Contrairement à ce qui était prévu, la prochaine campagne électorale montréalaise ne pourra pas s’appuyer sur un audit indépendant des finances municipales : le Bureau de la vérificatrice générale a jugé impossible d’effectuer un tel travail avec les outils que la Ville lui offrait.

Philippe Teisceira-Lessard
Philippe Teisceira-Lessard La Presse

Le conseil municipal de Montréal a voté lundi soir à majorité pour retirer le mandat qu’il lui avait confié à cet effet l’an dernier. Les promesses des candidats se feront donc sur la base d’un bilan élaboré par le service des finances de la Ville.

En 2017, à son arrivée au pouvoir, Valérie Plante s’était plainte que les finances de Montréal étaient en bien moins bon état que ce que prétendait le maire sortant Denis Coderre. Elle s’était appuyée sur ce constat pour hausser les taxes municipales dans son premier budget.

Montréal avait ensuite décidé de confier à la vérificatrice générale le mandat de se pencher, avant le début d’une campagne électorale, sur l’état des finances de la Ville afin d’éviter de telles surprises dans le futur.

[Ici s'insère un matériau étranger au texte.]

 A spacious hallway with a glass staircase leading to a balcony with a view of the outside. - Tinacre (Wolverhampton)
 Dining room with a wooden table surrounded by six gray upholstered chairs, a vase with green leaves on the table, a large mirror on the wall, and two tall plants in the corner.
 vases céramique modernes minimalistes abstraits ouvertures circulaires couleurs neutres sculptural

Mais la pandémie, la complexité des documents budgétaires et la vétusté du système informatique du service des finances de la Ville empêcheront la vérificatrice générale de la Ville de réaliser une telle vérification, a indiqué le président du comité exécutif, Benoit Dorais.

« On n’y arrivera pas. Ce n’est pas possible dans l’état actuel des services informatiques », a-t-il dit en relayant les propos de la vérificatrice Michèle Galipeau.

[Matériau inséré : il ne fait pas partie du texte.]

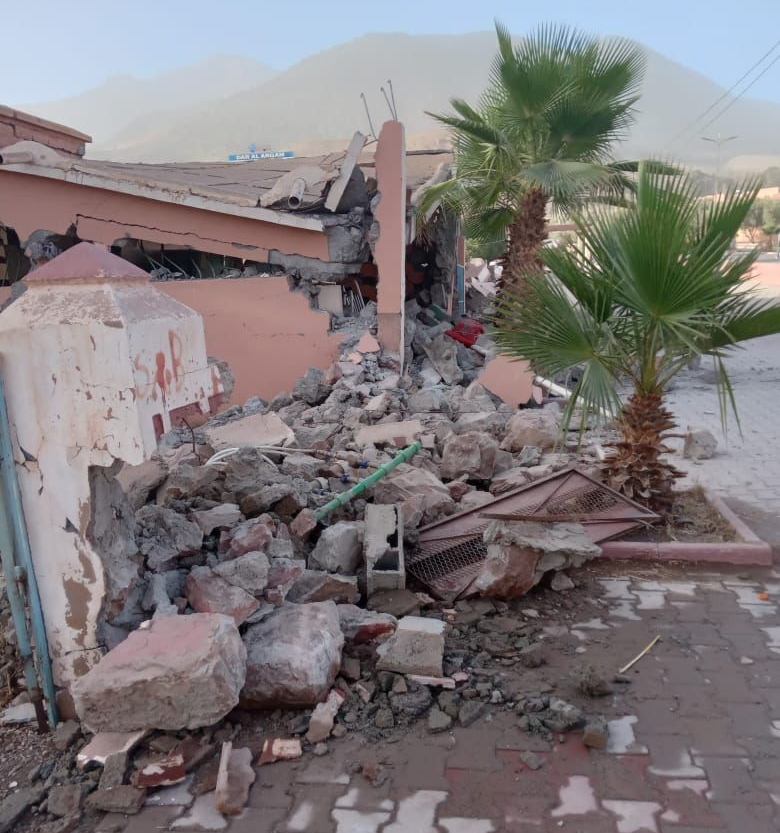 Rubble surrounds a collapsed building.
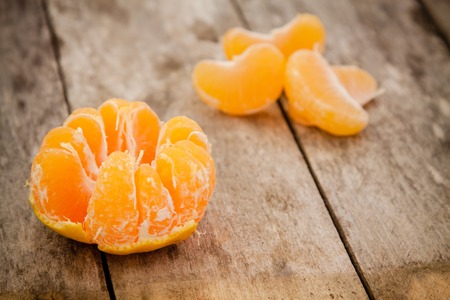 fresh organic mandarins and peeled slices on a rustic wooden backgroundの写真素材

« On croit que le service des finances, ce sont des gens qui sont crédibles, des gens qui sont capables de faire le travail de façon professionnelle, [et] ils vont continuer de travailler sur un rapport préélectoral », a-t-il ajouté.

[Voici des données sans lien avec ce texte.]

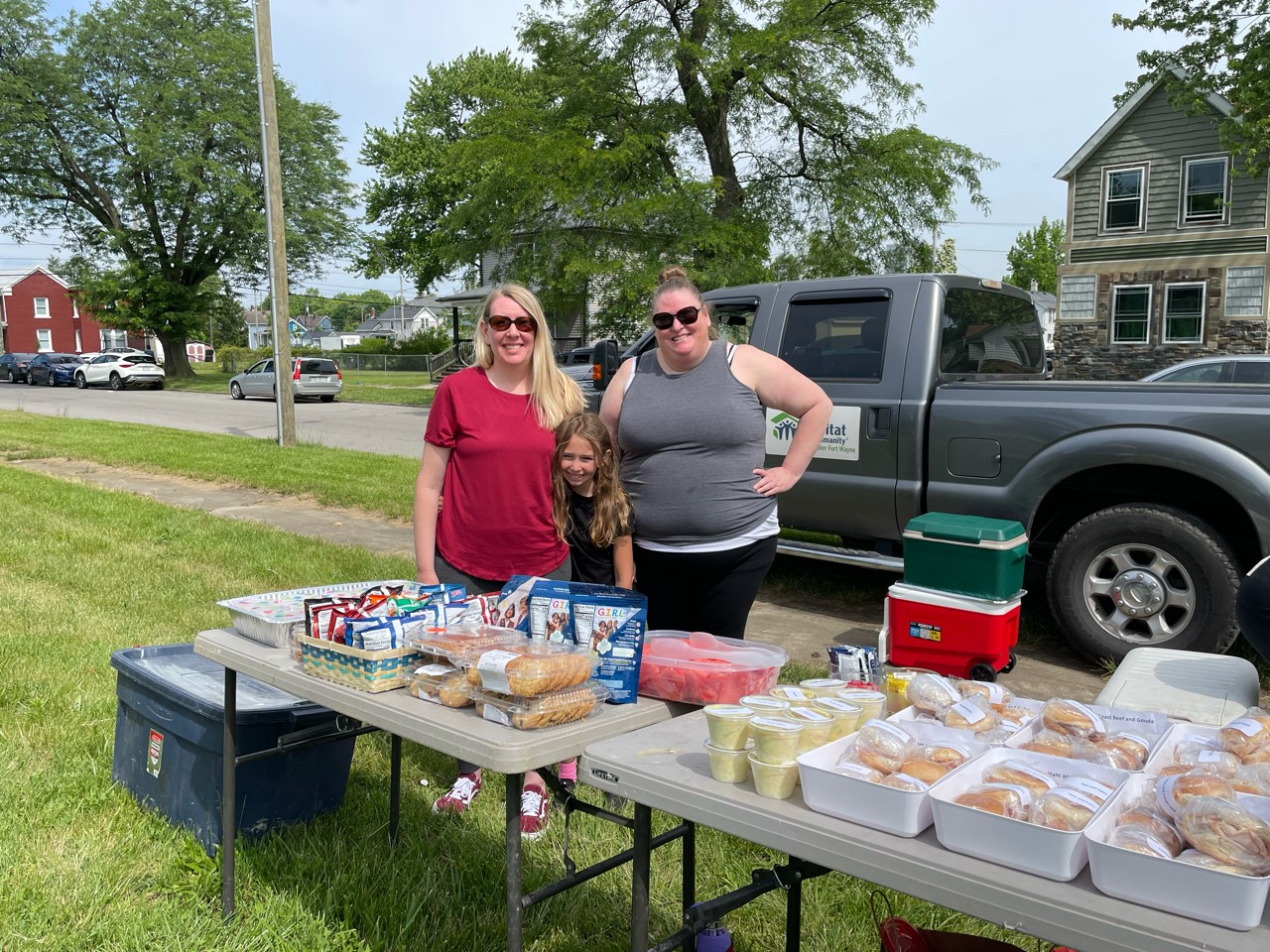 Two women with lunch donation of sandwiches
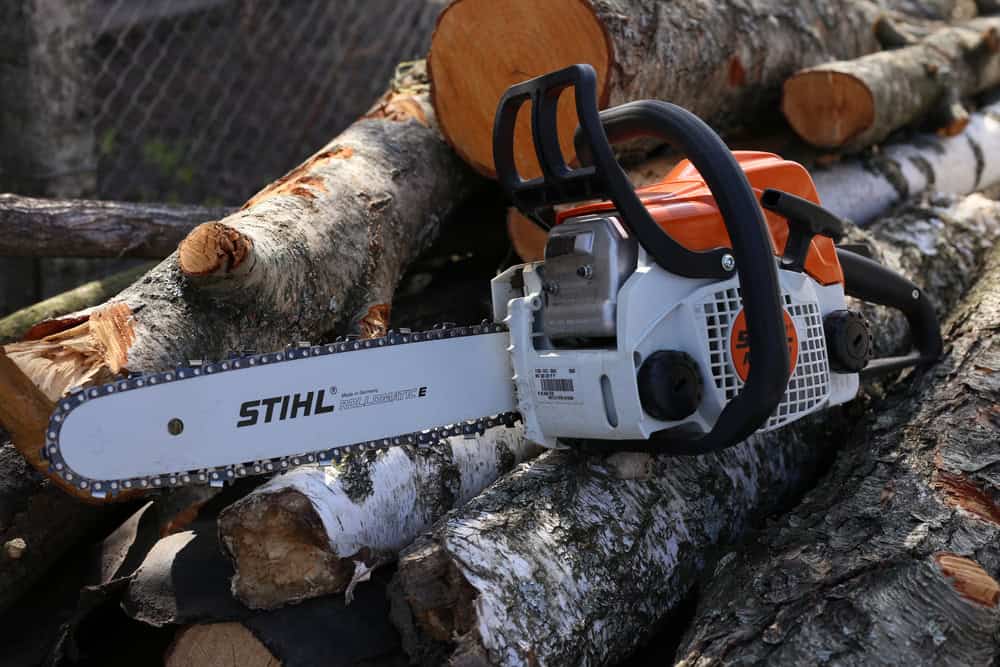 A chainsaw with an orange and white body rests on a pile of cut logs, perfect for tree trimming. The STIHL-branded tool stands out against the logs, which vary in color from gray to light brown. A chain link fence is visible in the blurred background, hinting at a neatly maintained landscape.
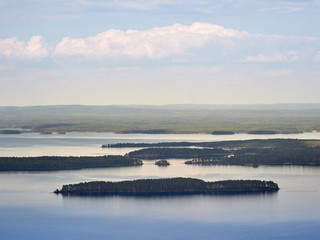 Summer landscape view over the lake Pielinen from the top of the UkkoKoli, a fell at the national park Koli, Joensuu, Finland, the land of a thousand lakes.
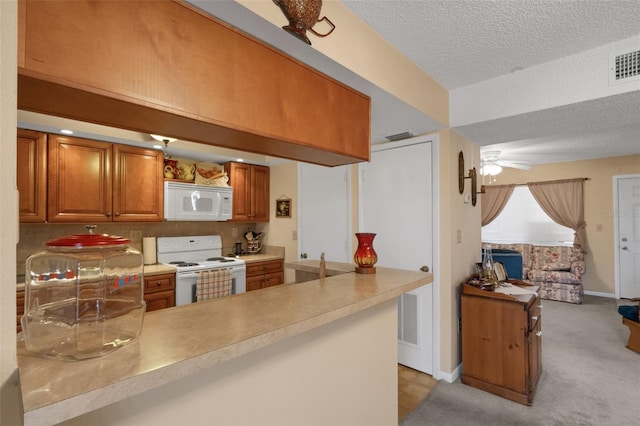 1130 N Lake Parker Ave Unit C321, Lakeland, FL 33805 - kitchen featuring white appliances, a textured ceiling, brown cabinetry, a peninsula, and a ceiling fan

Un peu plus tôt en après-midi, la mairesse Valérie Plante avait aussi défendu la position de son administration, en appelant à la patience et à faire confiance au service des finances de la Ville.

«La vérificatrice générale prend acte de la recommandation du comité de vérification et de la résolution du conseil municipal», a indiqué son attaché de presse, Pierre Tessier, dans un communiqué. La vérificatrice générale y fait valoir que «le prototype [de rapport financier préélectoral] tel que développé ne permettrait pas de répondre aux objectifs énoncés par la Ville dans son budget 2020 en termes d’information financière sur l’état des finances publiques et de base comparable et qu’elle serait dans l’incapacité de conclure en raison d’éléments probants insuffisants supportant le prototype de rapport préélectoral.»

Déception de l’opposition

L’opposition officielle à l’hôtel de ville menait le combat depuis longtemps pour obtenir un rapport préélectoral de la vérificatrice générale.

Son chef, Lionel Perez, s’est dit déçu, lundi soir.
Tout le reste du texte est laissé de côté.